» **ABOUT THIS EXERCISE**: Apart from the pictures, everything in the lines below must be printed exactly.

» **MATERIAL PROVIDED**:
****************************************

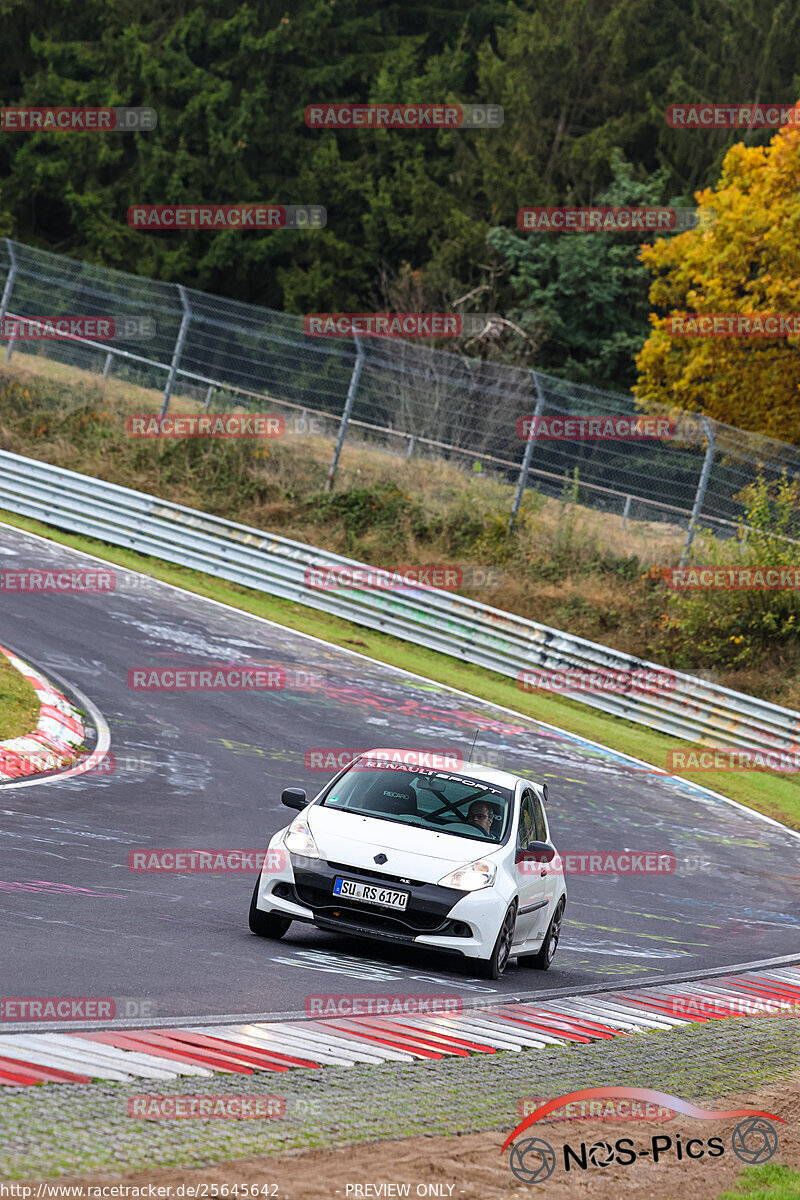 Bild #25645642 - Touristenfahrten Nürburgring Nordschleife (01.11.2023)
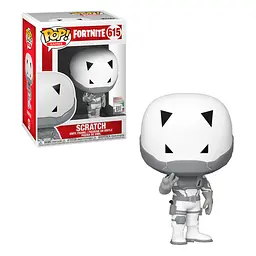 Ігрова фігурка Funko Pop Fortnite Пул (48462) - мініатюра 2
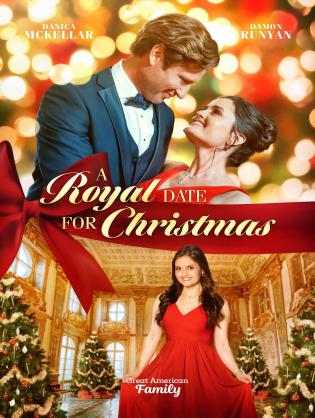 Buổi Hẹn Hò Hoàng Gia Dịp Giáng Sinh - A Royal Date for Christmas (2023)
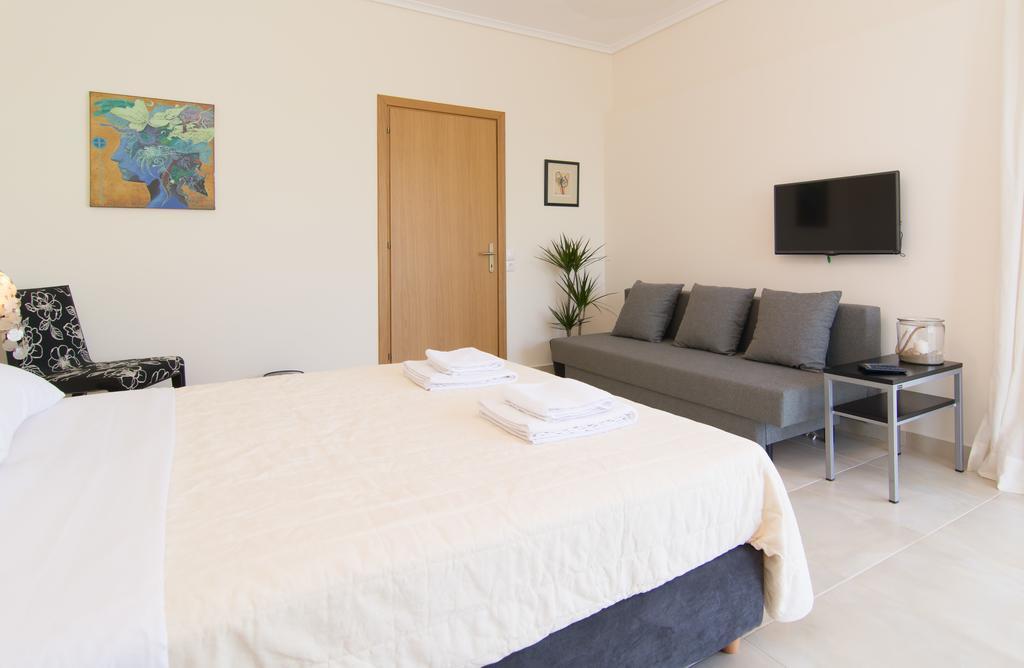 Angelbay Bungalows Agia Triada  Zewnętrze zdjęcie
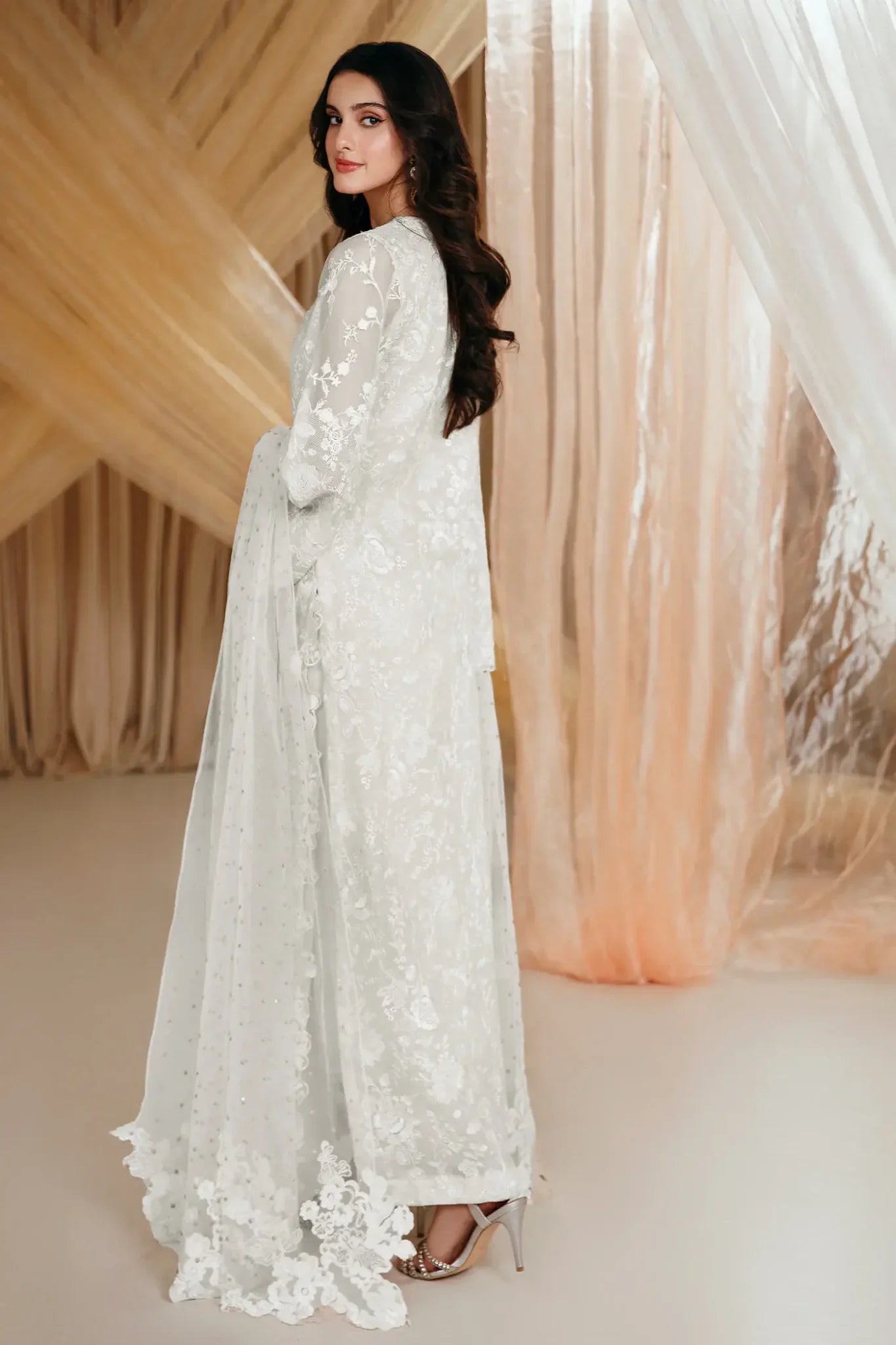 Musferah Saad | Mystere Formals | Divine Whisper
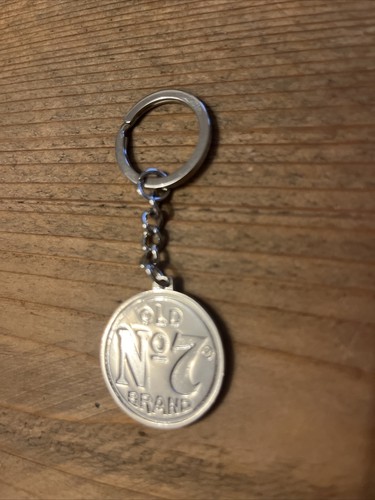 Jack daniels old no7 keyring - no7,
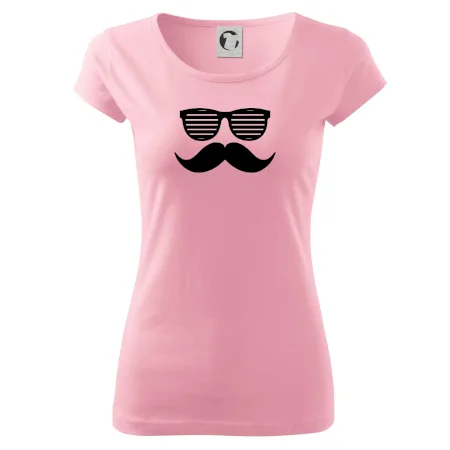 Mustache brýle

****************************************

» **RESPONSE AREA**:
 Bild #25645642 - Touristenfahrten Nürburgring Nordschleife (01.11.2023)
 Ігрова фігурка Funko Pop Fortnite Пул (48462) - мініатюра 2
 Buổi Hẹn Hò Hoàng Gia Dịp Giáng Sinh - A Royal Date for Christmas (2023)
 Angelbay Bungalows Agia Triada  Zewnętrze zdjęcie
 Musferah Saad | Mystere Formals | Divine Whisper
 Jack daniels old no7 keyring - no7,
 Mustache brýle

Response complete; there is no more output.